Vous savez, à cette époque, la Scandinavie traverse des temps très durs. Les gens n’ont vraiment rien à manger, et presque la moitié de la population décide de fuir vers l’Amérique. Des familles entières qui n’ont jamais vu la mer embarquent dans des bateaux faits pour le bétail et s’engagent dans une traversée extrêmement risquée vers le Nouveau Monde. Arrivés sur place, comme tous les migrants, ils sont confrontés à une culture, une langue qu’ils ne connaissent pas, se font exploiter... Le destin des femmes qui survivent ressemble beaucoup à celui des migrants d’aujourd’hui. Cadenassées par les coutumes et la religion dans leur rôle de mère, elles ne peuvent apprendre la langue, et restent en retrait de la société. C’est vraiment toutes ces similarités avec ce qui se passe aujourd’hui sur notre vieille Europe qui m’a fait comprendre l’intérêt de proposer non pas une nouvelle version plus épique du livre, mais bien une adaptation où chaque scène dois rentrer en résonance avec ce que nous connaissons actuellement.

John Christian Rosenlund
John Christian Rosenlund


Quelle est votre relation en tant qu’opérateur avec le film d’époque ?

JCR : Le danger, c’est que quand vous vous lancez dans un film d’époque, c’est d’un certain côté assez facile de pouvoir faire le malin avec les costumes, les décors et la lumière... Comme vous partez presque d’une page blanche, et vous contrôlez à peu près tout, la tentation est grande d’aller vers la beauté.
C’est pour cette raison qu’on s’est creusé la tête avec le réalisateur pour aboutir non pas à une nouvelle splendide recréation, mais surtout à un film où vous êtes intimement lié aux personnages, aux situations.
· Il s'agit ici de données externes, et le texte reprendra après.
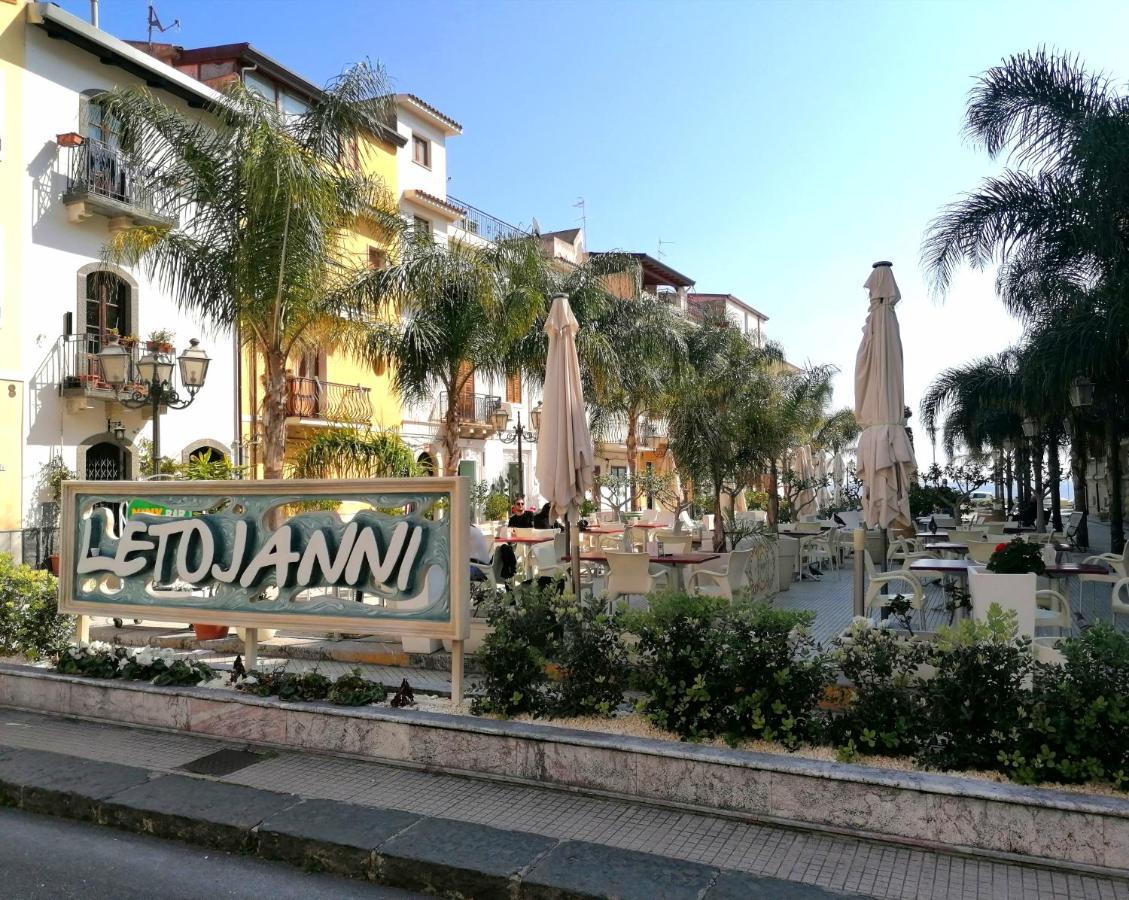 Oltremare Taormina Letojanni Lägenhet Exteriör bild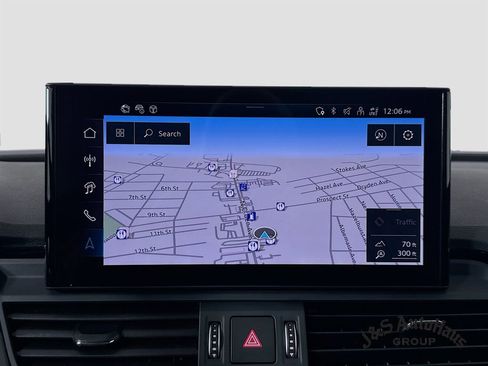 Used 2024 Audi Q5 e Premium Plus w/ Premium Plus Package image 18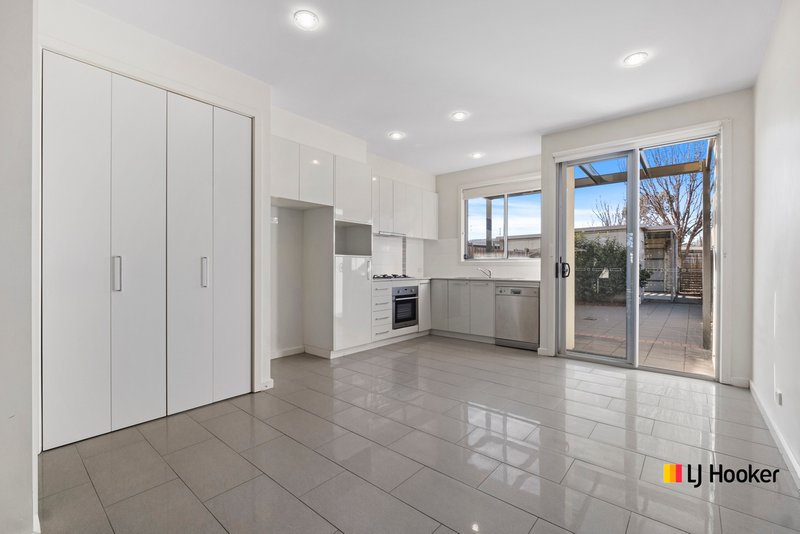 Photo - 11 Stowport Avenue, Crace ACT 2911 - Image 3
D’où l’idée de tout faire en caméra épaule, en essayant à chaque scène de ne pas couper les prises. Non pas pour garder une sensation de temps réel (car la plupart des prises ont été montées par la suite), mais pour conserver une sorte de rythme et de dynamique entre la caméra et les comédiens. Ce dispositif validé dès la préparation m’a amené à complètement reconsidérer la manière traditionnelle d’éclairer un film. Comme la caméra allait être extrêmement libre sur le plateau, avec des angles couverts très grands, et des mouvements par exemple entre l’intérieur et l’extérieur, j’ai tout de suite compris qu’il faudrait bannir toutes sources de lumière de cinéma. Seule la lumière naturelle et des sources de figuration (bougies, torches ou lampes à pétrole...) seraient utilisées sur le film, avec à la clé un vrai défi pour lister et mettre au point tous ces outils....


Où avez-vous tourné ?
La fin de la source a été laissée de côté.